With the political union of the two major crowns of Spain secured after the marriage of los reyes católicos, the next phase of consolidation was religious.  Establishing the Spanish Inquisition in Castile in 1478 with papal approval, the queen, a fervent Catholic, and with an eye toward internal control, had measures passed by the Toledo Cortes that were brutally oppressive to the Jews, leading ultimately to their expulsion.  The tribunal dealt with the problem of Marranos, Jews who through coercion or social pressure had insincerely converted to Christianity.  After 1502, the Spanish Inquisition turned its attention to similar converts from Islam, the Moriscos, or converted Moors.[1]  The Spanish Inquisition, to a great degree, was more an instrument of the state than of the Church, although highly educated clergy, especially Dominicans, functioned as its officers.

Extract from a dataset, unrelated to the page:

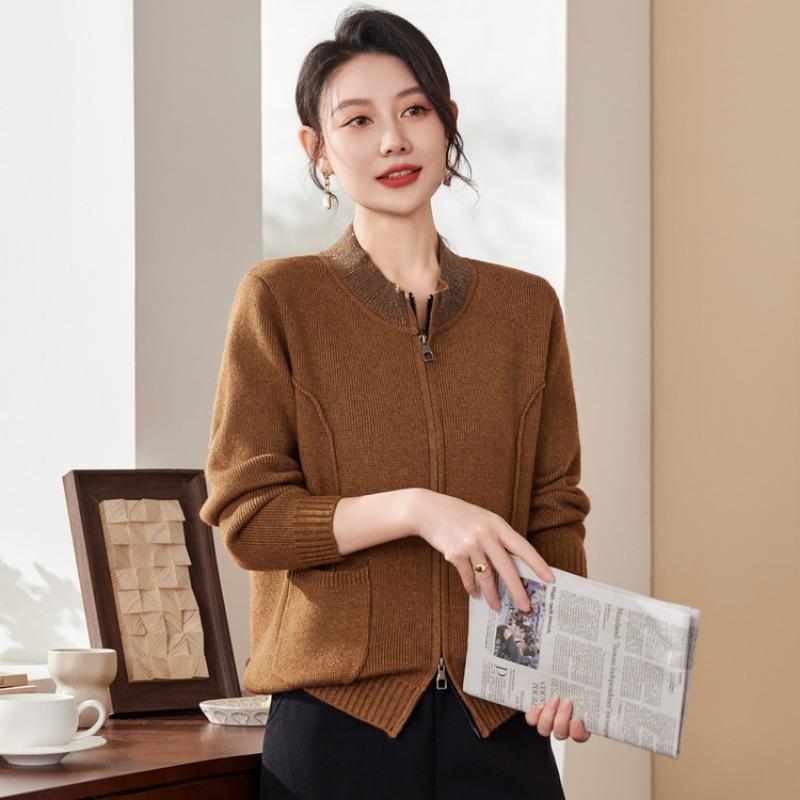 New middle-aged and old women's clothing noble thickened sweater jacket middle-aged mother autumn clothing knitted clothes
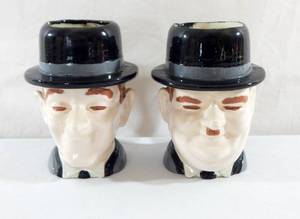 lot 170 image: Vintage Laurel and Hardy Ceramic Mugs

The most notorious inquisitor, during the reign of the Catholic monarchs, was Tomás de Torquemada.[2]  At the same time, Isabella was determined to correct ecclesiastical problems in Spain for the sake of religious and political unity.  She undertook serious reform efforts with the help of Franciscan friar Francisco Jiménez de Cisneros, bishop of the important see of Toledo. Their joint efforts proved somewhat successful in improving the well being of the Church; yet this work also brought further strictness that carried over into the political realm.[3]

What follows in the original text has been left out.